RangeNet-TensorRT

🎉 This project has been a pleasure, allowing me to repay technical debt, learn how to locate bugs during model deployment, gain experience with GitHub Actions, and explore CUDA programming. I greatly appreciate the valuable feedback from others that has contributed to improving the project. I hope that this project will be of use to you.

English | 简体中文

1. Purpose

Use more newer dependencies and APIs. Specifically, we deploy the RangeNet repository in an environment with TensorRT 8+, Ubuntu 20.04+, remove Boost dependency, manage TensorRT objects and GPU memory with smart pointers, and provide ROS demo.
Faster Performance. Resolve the issue of reduced segmentation accuracy when using FP16 (issue#9), achieving a significant speed boost without sacrificing accuracy. Preprocess data using CUDA. Perform KNN post-processing with libtorch ( refer to here).

2. Installation

2.1 Docker installation

We provide a Docker installation, please see more in docker/README.md

2.2 Source installation

Step 1: Download and Extract libtorch

Note

Using the Torch library from Conda was observed to slow down the post-processing stage from 6 ms to 30 ms.

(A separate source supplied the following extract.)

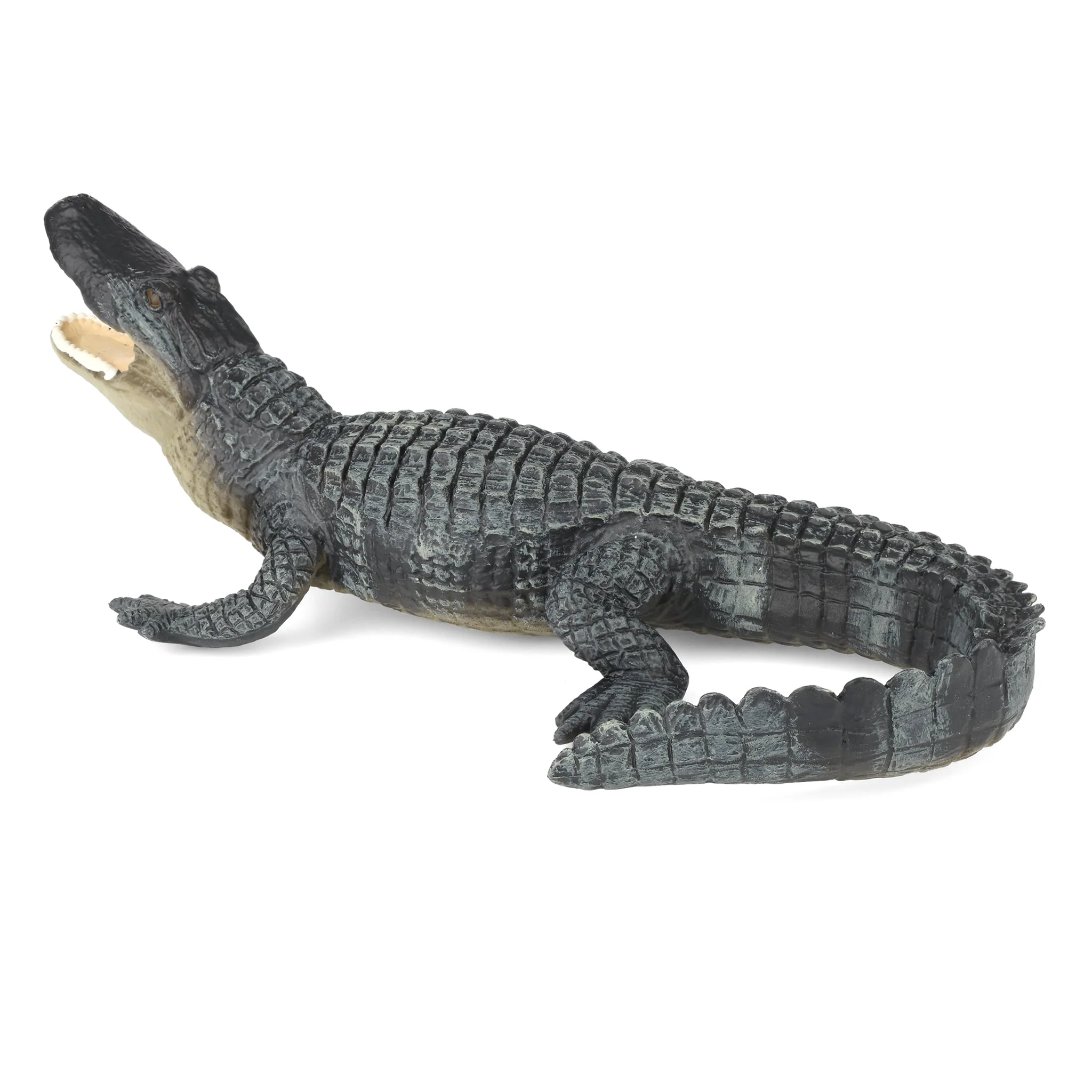 Alligator by Safari - Image 5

$ wget -c https://download.pytorch.org/libtorch/cu113/libtorch-cxx11-abi-shared-with-deps-1.10.2%2Bcu113.zip -O libtorch.zip
$ unzip libtorch.zip

Step 2: Set up the deep learning environment (install NVIDIA driver, CUDA, TensorRT, cuDNN). The tested configurations are listed below. At least 3000 MB of GPU memory is required.

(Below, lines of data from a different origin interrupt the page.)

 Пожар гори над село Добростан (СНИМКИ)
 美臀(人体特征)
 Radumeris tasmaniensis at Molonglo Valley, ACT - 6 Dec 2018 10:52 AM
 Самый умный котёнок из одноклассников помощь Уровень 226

Ubuntu	GPU	TensorRT	CUDA	cuDNN	—
20.04	TITAN RTX	8.2.3	CUDA 11.4.r11.4	cuDNN 8.2.4	✔️
20.04	NVIDIA GeForce RTX 3060	8.4.1.5	CUDA 11.3.r11.3	cuDNN 8.0.5	✔️
20.04	NVIDIA GeForce RTX 3060 NVIDIA GeForce RTX 4070	10.6.0.26	CUDA 11.1.105	cuDNN 8.0.5.39	✔️
20.04	NVIDIA GeForce RTX 3060 NVIDIA GeForce RTX 4070	10.6.0.26	CUDA 12.4.r12.4	cuDNN 9.1.0.70-1	✔️
22.04	NVIDIA GeForce RTX 3060	8.2.5.1	CUDA 11.3.r11.3	cuDNN 8.8.0	✔️
22.04	NVIDIA GeForce RTX 3060	8.4.1.5	CUDA 11.3.r11.3	cuDNN 8.8.0	✔️
22.04	NVIDIA GeForce RTX 3060	8.4.3.1	CUDA 11.3.r11.3	cuDNN 8.8.0	✔️
22.04	NVIDIA GeForce RTX 3060	8.6.1.6	CUDA 11.3.r11.3	cuDNN 8.8.0	✔️
22.04	NVIDIA GeForce RTX 3060	10.6.0.26	CUDA 11.3.r11.3	cuDNN 8.8.0	✔️

Note

You must choose the appropriate version of CUDA based on your Compute Capability. For example, if your want to use Compute Capability 89, you must choose CUDA 11.8+.

You can see Compute Capability in https://developer.nvidia.com/cuda-gpus#compute.

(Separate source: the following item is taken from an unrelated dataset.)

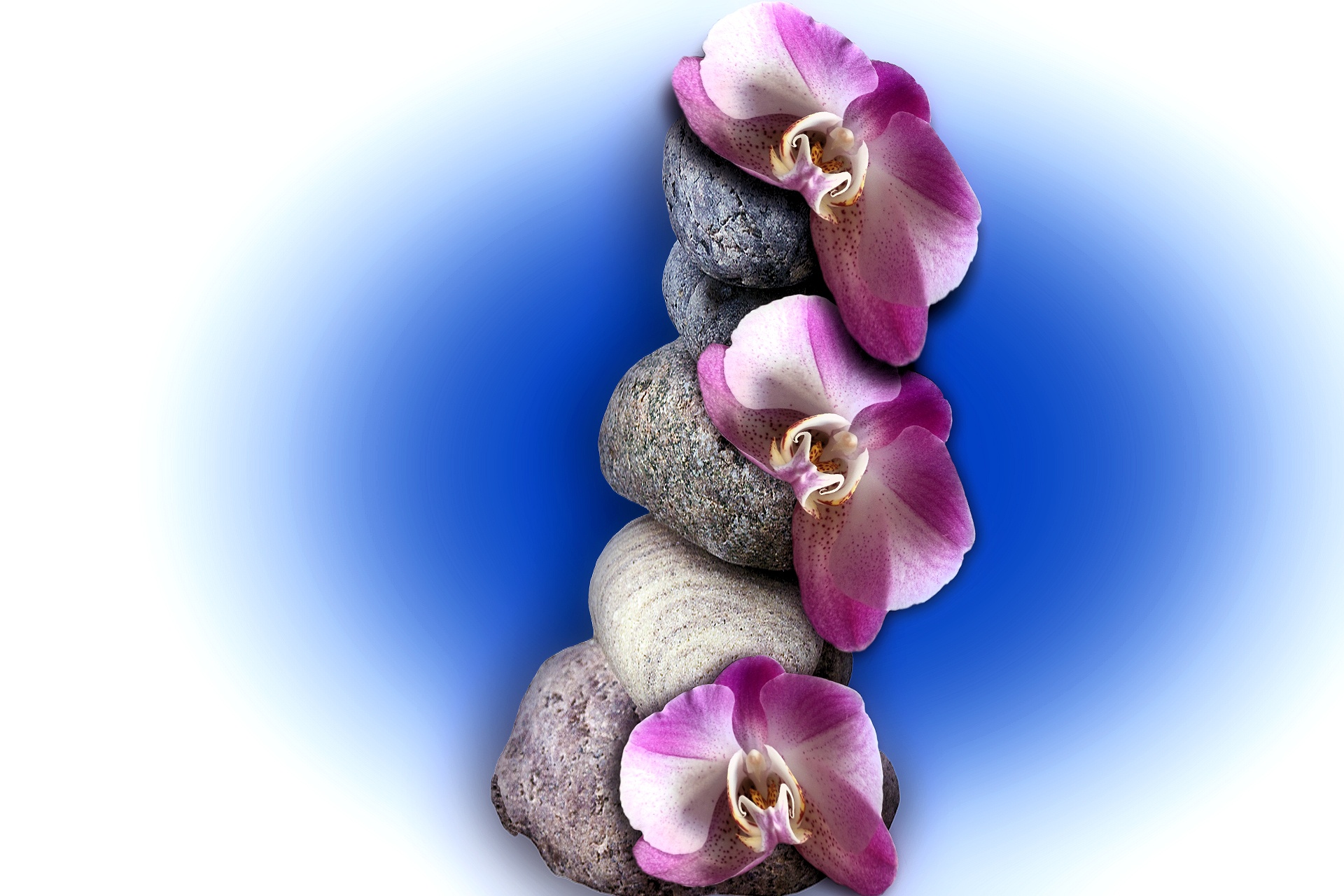 orchid balance stones free photo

GPU Hardware Architecture	Compute Capability	Relevant GPUs	Minimum CUDA Version
Ampere Architecture	86	RTX 3060，RTX3070，RTX 3080，RTX 3090	CUDA 11.1
Ada Lovelace Architecture	89	RTX 4090, RTX 4080	CUDA 11.8

Note

You must choose the appropriate version of CUDA based on your nvidia-driver.

nvidia-driver Version	Maximum CUDA Version
545	CUDA 12.3
550	CUDA 12.4

Add the following environment variables to ~/.bashrc:

# Example configuration:

# >>> Deep Learning Configuration >>>
# Import CUDA environment
CUDA_PATH=/usr/local/cuda/bin
CUDA_LIB_PATH=/usr/local/cuda/lib64

# Import TensorRT environment
export TENSORRT_DIR=${HOME}/Application/TensorRT-8.4.1.5/
TENSORRT_PATH=${TENSORRT_DIR}/bin
TENSORRT_LIB_PATH=${TENSORRT_DIR}/lib

# Import libtorch environment
export Torch_DIR=${HOME}/Application/libtorch/share/cmake/Torch

export PATH=${PATH}:${CUDA_PATH}:${TENSORRT_PATH}
export LD_LIBRARY_PATH=${LD_LIBRARY_PATH}:${CUDA_LIB_PATH}:${TENSORRT_LIB_PATH}

Step 3: (Optional, if ROS components are needed). Please install ROS1 (Noetic) or ROS2 (Humble).

# Install ROS
$ ...
# Install extra dependency
$ sudo apt install ros-${ROS_DISTRO}-pcl-ros

Step 4: Install apt-related and Python packages

$ sudo apt install build-essential python3-dev python3-pip apt-utils git cmake libboost-all-dev libyaml-cpp-dev libopencv-dev python3-empy libfmt-dev
$ pip install catkin_tools trollius numpy

Step 5: Clone the Repository

$ git clone https://github.com/Natsu-Akatsuki/RangeNet-TensorRT ~/rangenet/src/rangenet/

Step 6: Import model files and datasets.

# Download model files
$ wget -c https://github.com/Natsu-Akatsuki/RangeNet-TensorRT/releases/download/v0.0.0-alpha/model.onnx -O ~/rangenet/src/rangenet/model/model.onnx

Download datasets: see Baidu Cloud.

Directory Structure

.
├── model
│   ├── arch_cfg.yaml
│   ├── data_cfg.yaml
│   └── model.onnx
├── data
└── ├── 000000.pcd
    ├── kitti_2011_09_30_drive_0027_synced
    └── kitti_2011_09_30_drive_0027_synced.bag

3. Usage

Note

The first run may take some time to generate the TensorRT optimized engine.

Note

Since we use set(CMAKE_CUDA_STANDARD 17), a feature introduced in CMake 3.18, it requires at least version 3.18. Unfortunately, the default CMake version in Ubuntu 20.04 is 3.16.3. Therefore, we provide a workaround to use a higher version of CMake with minimal effort.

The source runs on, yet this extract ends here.